Where Did Our Love Go is the second studio album by Motown singing group the Supremes, released in 1964. The album includes several of the group's singles and B-sides from 1963 and 1964. Included are the group's first Billboard Pop Singles number-one hits, "Where Did Our Love Go", "Baby Love", and "Come See About Me", as well as their first Top 40 hit, "When the Lovelight Starts Shining Through His Eyes", and the singles "A Breathtaking Guy" and "Run, Run, Run".

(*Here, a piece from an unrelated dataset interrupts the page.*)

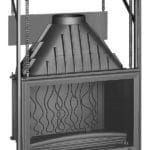 Foyer pour cheminée fonte Invicta - 700 Grande Vision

With the release of this album, The Supremes became the first act in Billboard magazine history to have three number-one hits from the same album. It was the album that introduced "The Motown Sound" to the masses.  It was also, at the time, the highest-ranking album by an all-female group. It remained in the number two position for four consecutive weeks in January 1965, shut out of the top spot by the Beatles' blockbuster Beatles '65 album. Where Did Our Love Go remained on the Billboard album chart for an unprecedented 89 weeks.

Hip-O Select released a limited run fortieth anniversary deluxe edition of the album in 2004, which included both the mono and stereo versions of the album, as well as several outtakes, non-album tracks and a recorded live show from the Twenty Grand club in Detroit, Michigan. It sold out immediately.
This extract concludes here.